Die beklagte Stadt würde den Bereich kommunaler Öffentlichkeitsarbeit überschreiten, wenn sie beispielsweise Artikel zum allgemeinen lokalen Stadtgeschehen veröffentliche. Insbesondere die Berichterstattung über Fremdaktivitäten – wie nichtstädtische Veranstaltungen in einem „Veranstaltungskalender“, einen Profi-Fußballverein oder „Nightlife“ – gehöre nicht in ein städtisches Informationsmedium und sei der freien Presse vorbehalten. Dagegen vertritt die beklagte Stadt u. a. die Ansicht, sie erfülle durch das Internetportal ihre Verpflichtung zur öffentlichen Daseinsvorsorge.
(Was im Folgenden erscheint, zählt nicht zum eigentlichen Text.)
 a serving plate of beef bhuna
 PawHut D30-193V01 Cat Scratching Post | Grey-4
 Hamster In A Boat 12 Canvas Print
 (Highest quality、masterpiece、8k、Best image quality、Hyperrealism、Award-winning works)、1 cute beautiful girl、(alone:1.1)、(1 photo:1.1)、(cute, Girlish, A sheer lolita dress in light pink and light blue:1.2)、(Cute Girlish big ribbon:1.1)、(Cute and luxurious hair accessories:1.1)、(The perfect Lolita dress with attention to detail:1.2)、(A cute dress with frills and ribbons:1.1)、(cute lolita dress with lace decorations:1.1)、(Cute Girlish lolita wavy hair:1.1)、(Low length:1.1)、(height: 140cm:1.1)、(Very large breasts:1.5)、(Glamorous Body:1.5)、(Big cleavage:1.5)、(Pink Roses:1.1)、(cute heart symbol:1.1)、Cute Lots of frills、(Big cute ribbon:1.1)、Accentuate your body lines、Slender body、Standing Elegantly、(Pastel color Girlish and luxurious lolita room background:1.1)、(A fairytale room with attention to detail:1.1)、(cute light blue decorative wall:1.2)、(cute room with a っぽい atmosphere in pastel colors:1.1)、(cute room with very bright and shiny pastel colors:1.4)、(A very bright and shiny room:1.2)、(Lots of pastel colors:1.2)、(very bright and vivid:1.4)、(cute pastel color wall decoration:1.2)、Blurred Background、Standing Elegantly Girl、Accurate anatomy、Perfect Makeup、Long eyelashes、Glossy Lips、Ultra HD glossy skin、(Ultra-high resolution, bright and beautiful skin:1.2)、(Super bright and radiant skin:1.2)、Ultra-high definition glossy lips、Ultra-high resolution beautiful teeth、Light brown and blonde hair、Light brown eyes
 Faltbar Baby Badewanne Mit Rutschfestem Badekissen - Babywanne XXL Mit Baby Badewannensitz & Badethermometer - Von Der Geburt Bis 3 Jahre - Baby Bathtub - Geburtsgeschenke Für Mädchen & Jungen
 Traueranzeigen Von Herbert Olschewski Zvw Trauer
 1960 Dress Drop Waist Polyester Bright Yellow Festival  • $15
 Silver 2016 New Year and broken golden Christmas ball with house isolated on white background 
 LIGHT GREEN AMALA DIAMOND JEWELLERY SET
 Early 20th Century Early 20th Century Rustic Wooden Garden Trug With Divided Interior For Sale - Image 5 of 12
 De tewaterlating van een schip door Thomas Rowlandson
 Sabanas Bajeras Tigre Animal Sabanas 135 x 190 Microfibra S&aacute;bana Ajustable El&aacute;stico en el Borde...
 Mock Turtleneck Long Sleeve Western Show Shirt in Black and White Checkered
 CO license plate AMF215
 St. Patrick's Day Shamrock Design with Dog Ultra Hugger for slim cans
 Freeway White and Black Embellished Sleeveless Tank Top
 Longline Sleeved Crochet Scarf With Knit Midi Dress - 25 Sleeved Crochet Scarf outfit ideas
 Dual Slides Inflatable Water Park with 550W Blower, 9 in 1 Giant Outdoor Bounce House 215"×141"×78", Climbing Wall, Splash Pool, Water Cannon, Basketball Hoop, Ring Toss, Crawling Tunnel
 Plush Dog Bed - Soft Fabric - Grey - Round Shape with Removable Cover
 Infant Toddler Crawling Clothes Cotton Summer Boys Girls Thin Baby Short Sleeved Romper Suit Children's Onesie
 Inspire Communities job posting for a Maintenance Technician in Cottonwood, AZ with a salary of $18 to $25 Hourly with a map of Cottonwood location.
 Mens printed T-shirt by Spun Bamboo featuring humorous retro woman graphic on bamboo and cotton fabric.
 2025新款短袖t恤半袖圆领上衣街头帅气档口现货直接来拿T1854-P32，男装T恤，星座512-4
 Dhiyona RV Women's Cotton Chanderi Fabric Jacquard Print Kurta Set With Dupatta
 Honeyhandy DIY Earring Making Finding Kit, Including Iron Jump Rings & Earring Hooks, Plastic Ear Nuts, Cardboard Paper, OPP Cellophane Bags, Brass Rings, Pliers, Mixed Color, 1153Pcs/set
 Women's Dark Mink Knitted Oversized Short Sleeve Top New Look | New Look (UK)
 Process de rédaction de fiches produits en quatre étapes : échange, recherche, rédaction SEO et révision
Das Landgericht Dortmund hat am 08.11.2019 der Klage stattgegeben (Az. 3 O 262/17). Die beklagte Stadt verstoße – so das Landgericht – gegen den Grundsatz der Staatsferne der Presse, weil das von ihr betriebene Internetportal als Informationsplattform mit journalistischen Beiträgen über das gesamte politische und gesellschaftliche Leben in der Stadt berichten wolle. Gegen dieses Urteil wendet sich die beklagte Stadt mit ihrer Berufung, mit der sie weiterhin die Abweisung der Klage begehrt.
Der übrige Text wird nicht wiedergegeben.